Her words only solidified what I already believed about my future. Even as a kid, I daydreamed about someday having my own family. As a preteen, I borrowed my parents’ old baby name book so often that they finally just gave it to me. In high school, I thought little about my post-graduation plans because I figured it wouldn’t be long before I would get married and start a family.
“Born to be a mom.” Yes, I could go for that.
The problem? That was 15 years ago.
If being a wife and mom is what I was born for, then it stood to reason that my “real life” wouldn’t start until I achieved those long-awaited roles. During my time in the workforce, I have learned so much from bosses and coworkers — and I’ve truly loved much about my work. But in the absence of what I was “born for,” sometimes I struggle to pour myself into my work, the people around me, and even my spiritual walk. Too often I feel like I’m in a holding pattern, waiting for real life to kick in so I can finally be who I’ve always dreamed of being.
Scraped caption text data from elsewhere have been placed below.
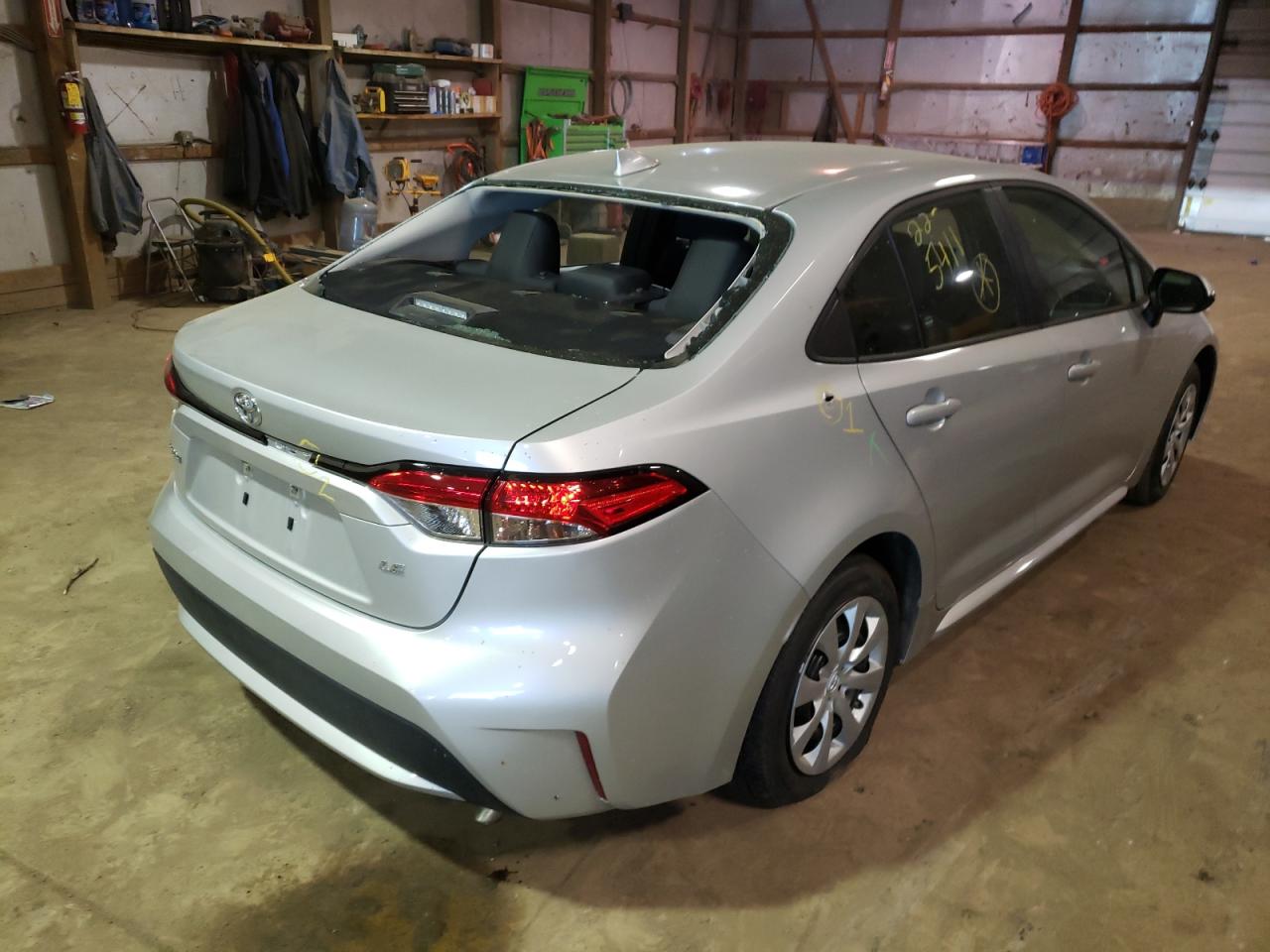 Photo 9 from auction – 2021 TOYOTA COROLLA LE with VIN 5YFEPMAE9MP254241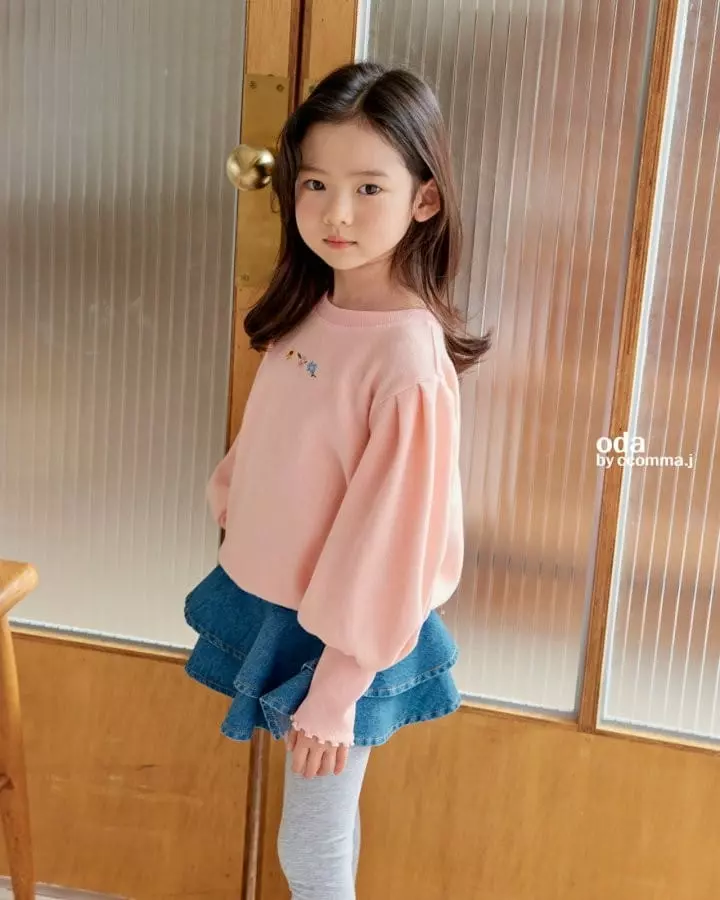 Oda - Korean Children Fashion - #prettylittlegirls - Allais Puff Sleeve Tee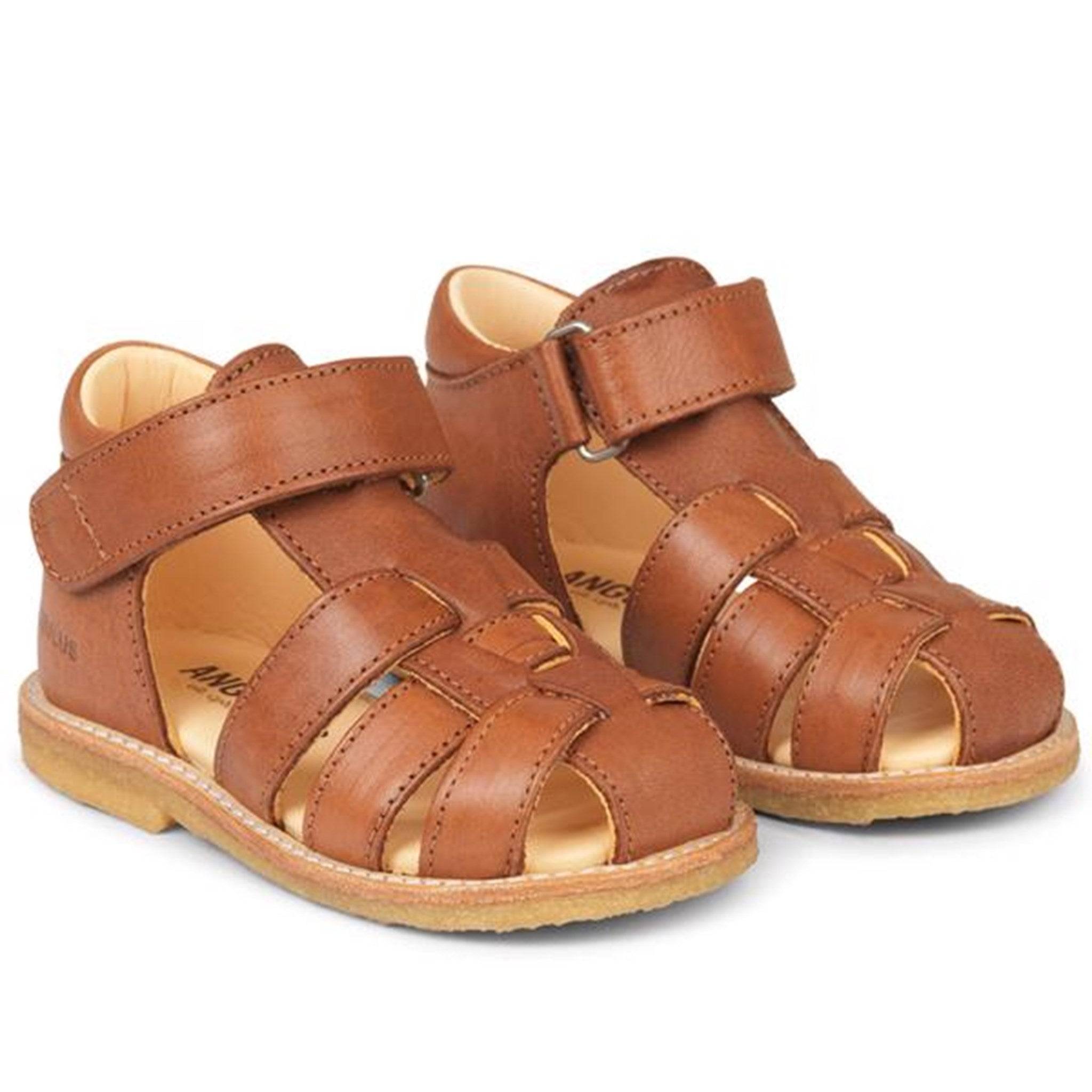 Angulus Begyndersandal M. Velcro Cognac 5019-201-1545 Str. 22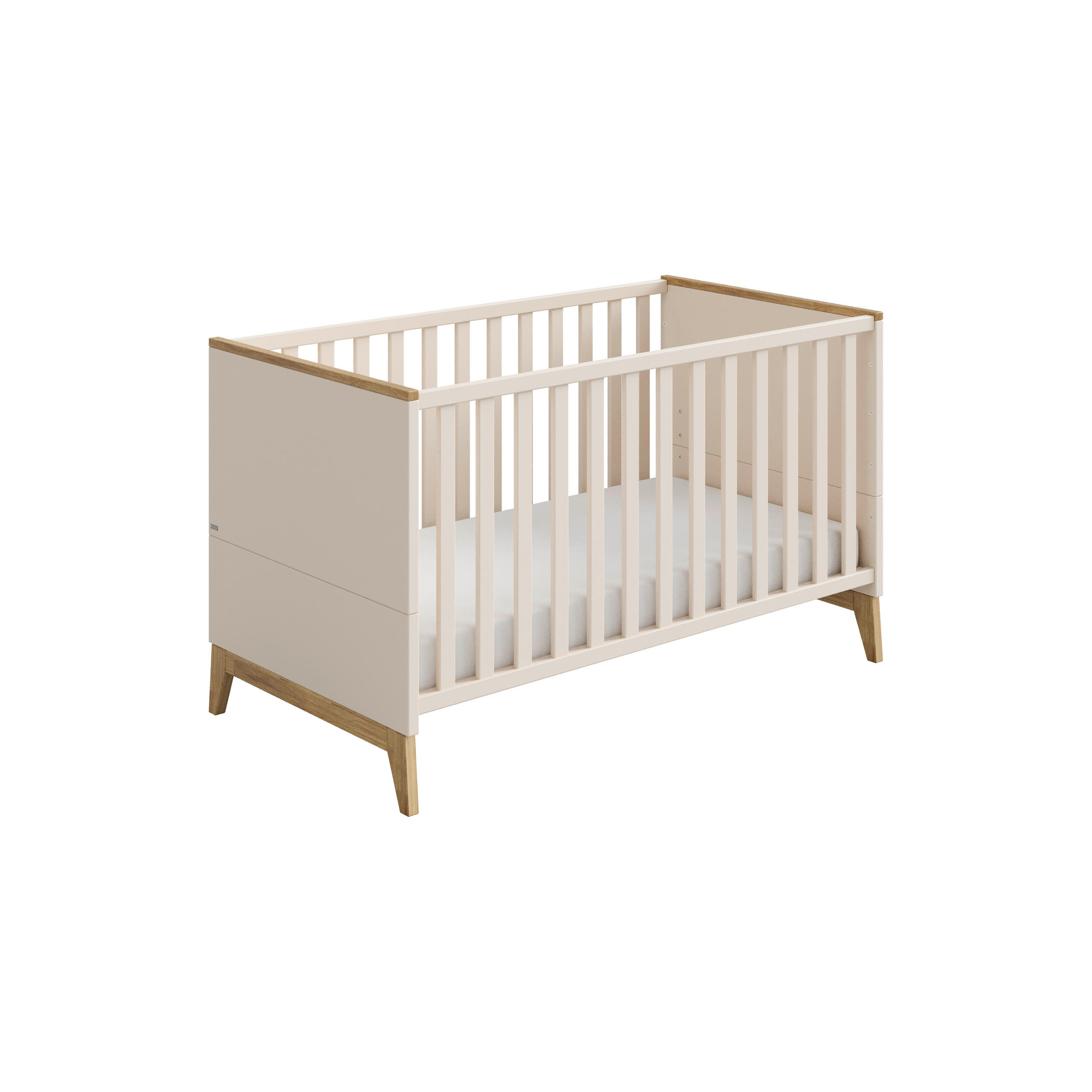 GITTERBETT Stiene 144,60/85,40/76,20 cm  - Eichefarben/Beige, Basics, Holzwerkstoff (144,60/85,40/76,20cm) - Paidi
Looking back, however, I have wasted so much time thinking about what might be on my horizon instead of focusing on what is right in front of me. When I place so much importance on one season of life, I overlook the blessings and opportunities of other seasons and circumstances. How many friends have I underappreciated? How many good habits have I neglected to start? How much further along in my spiritual walk would I be right now had I truly focused on the here and now instead of the “maybe someday”?
Too much of a good thing
Being a wife and mother is a good desire, a good longing. Over and over, the Bible commends marriage and parenthood. It’s not like I’m asking for riches or kingdoms or something else that could compete with my worship of God.
Or am I? Is it possible to elevate my own (good) dreams so high that I prefer them over Christ?
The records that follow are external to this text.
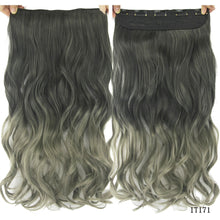 Grey Hair Extension Heat Resistant Synthetic Hair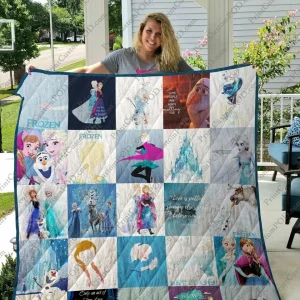 Frozen Quilt Blanket For Fans and Home Decor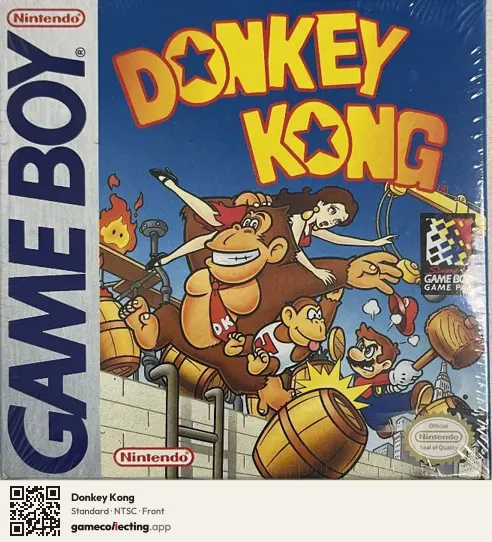 Donkey Kong Game Boy, NTSC box front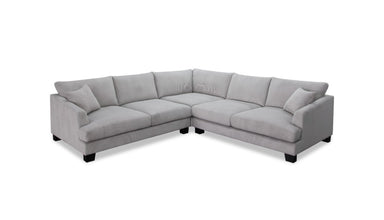 Polaris 3 Piece Corner Modular Lounge - Light Grey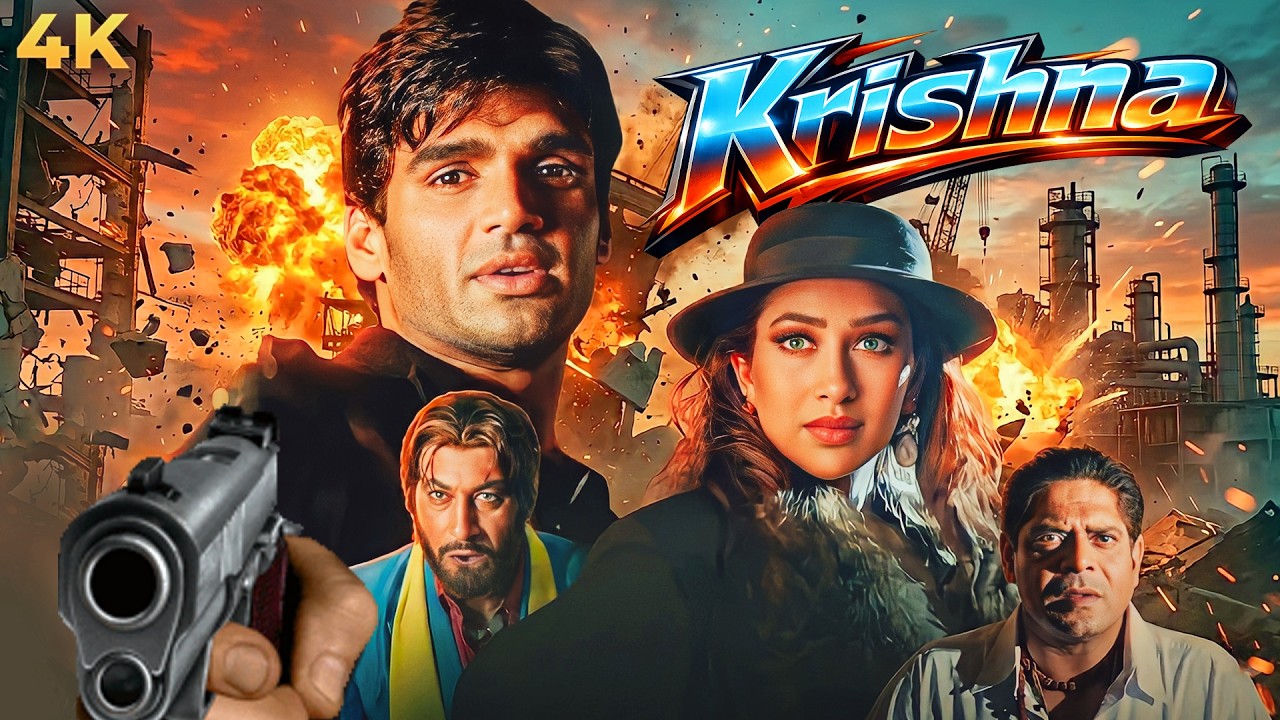 Sunil Shetty's 90s Action Film 'Krishna' (1996) in 4K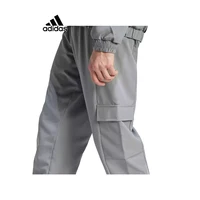 adidas Survêtement coupe-vent pour homme, veste à col montant, pantalon décontracté à revers, automne-hiver, IJ6072 5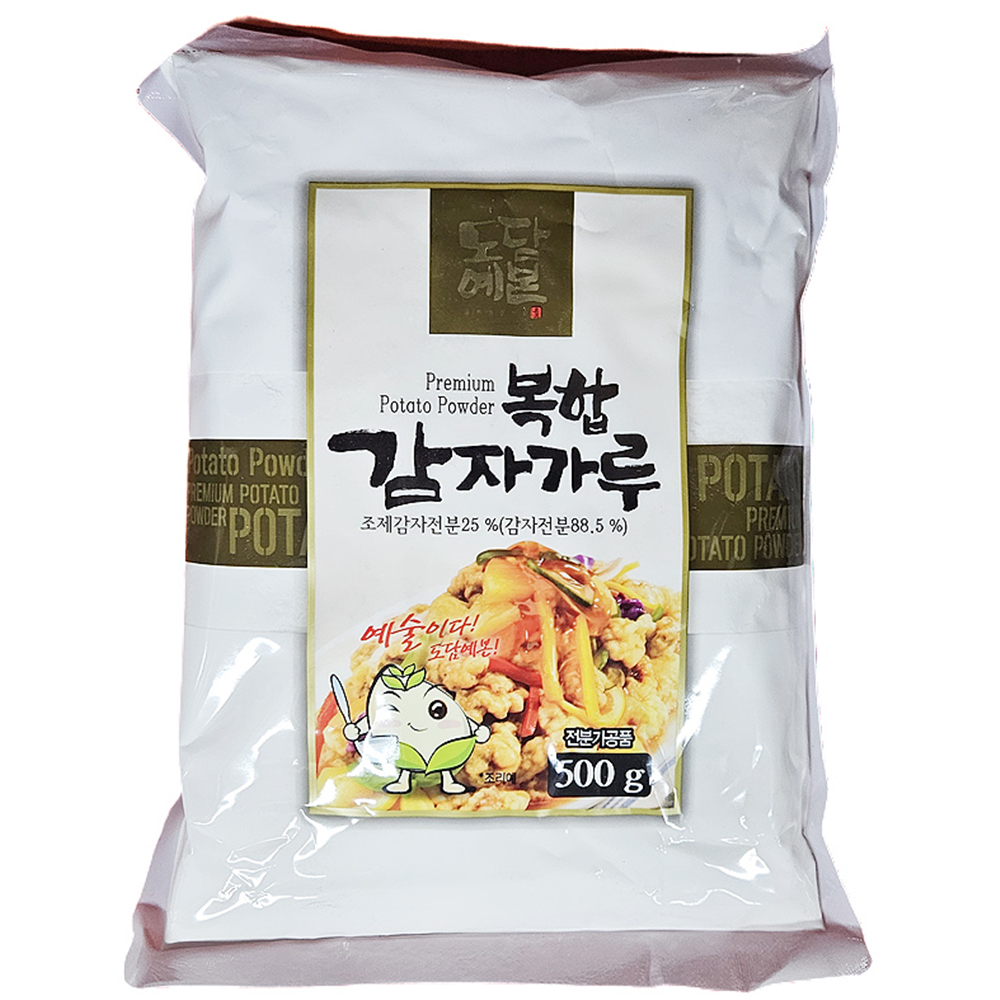 도담예본 복합 감자가루 500g 중식당 중화요리 튀김 부침 짜장 만들기 감자전분 가공품 : 나래 식자재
“What is an idol?” Timothy Keller asks in “Counterfeit Gods: The Empty Promises of Money, Sex, and Power, and the Only Hope That Matters.” “It is anything more important to you than God, anything that absorbs your heart and imagination more than God, anything you seek to give you what only God can give … anything so central and essential to your life that, should you lose it, your life would feel hardly worth living.”
I’ll say it again: Marriage and parenthood are very good things. But if I hold these desires higher than a desire to know and follow God, my good desires have twisted into idolatry. No life stage or occupation or family role can define me. I was not born for any of these things.
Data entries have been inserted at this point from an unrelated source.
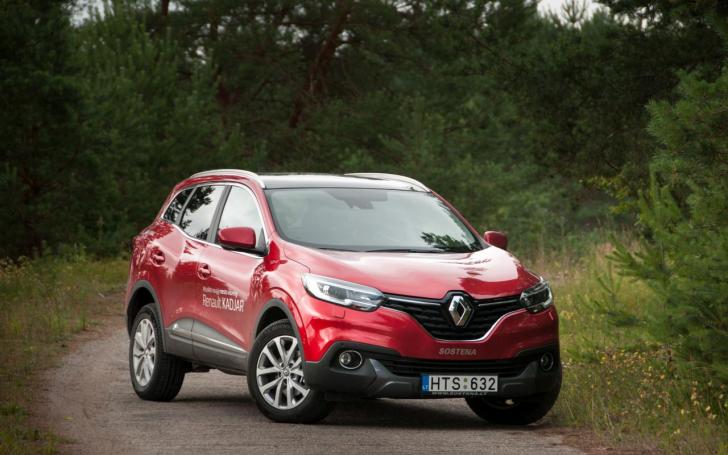 Renault Kadjar/Vytauto Pilkausko nuotrauka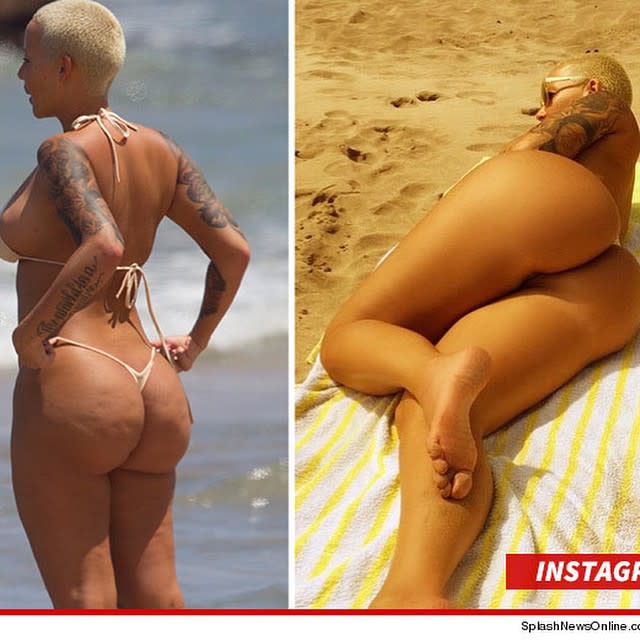 charlie atherton recommends Amber Rose Nude Photos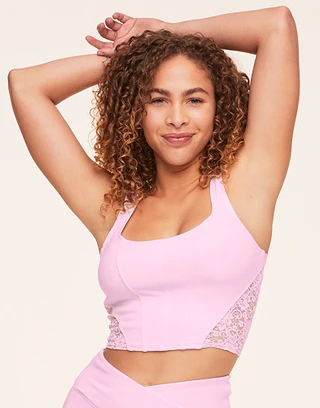 Floriana Light Pink lounge bundle Model 1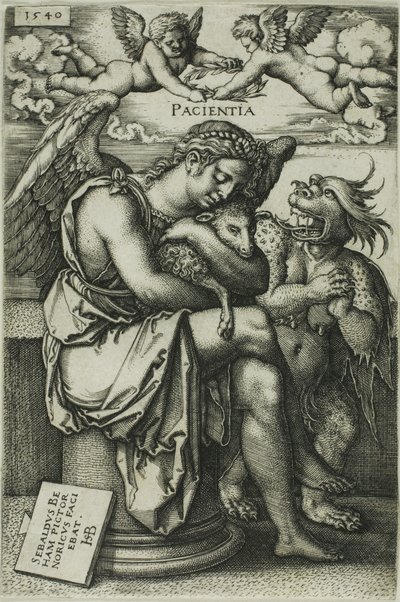 Paciencia de Hans Sebald Beham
In reality, I was born for the same reason every other person on earth was born: to know God and live for Him instead of myself. For many, this includes marrying and having children. For both married and single people, this often means pouring our time and energy into a 9-to-5 job and serving at church. Some follow God and serve Him on the international mission field, in politics, or at the mom-and-pop restaurant downtown.
Paul wrote that God decided before the world began — long before any of us were born — what good works would be ours to do. No matter where we find ourselves right now, God has works planned for us to do.
Now. Not just next week or next year or in the next season of life. Today. Right here.
Why I was born
No, I wasn’t born to be a mom. Like everyone else, I was born to bring glory to the God who created me. I still hope that I will someday live out that calling as a wife and mother. But today, I can pour myself into the job and circumstances in front of me with confidence, knowing that God has me here and now for a reason. I can honor Him and love the people around me even if my future feels unclear.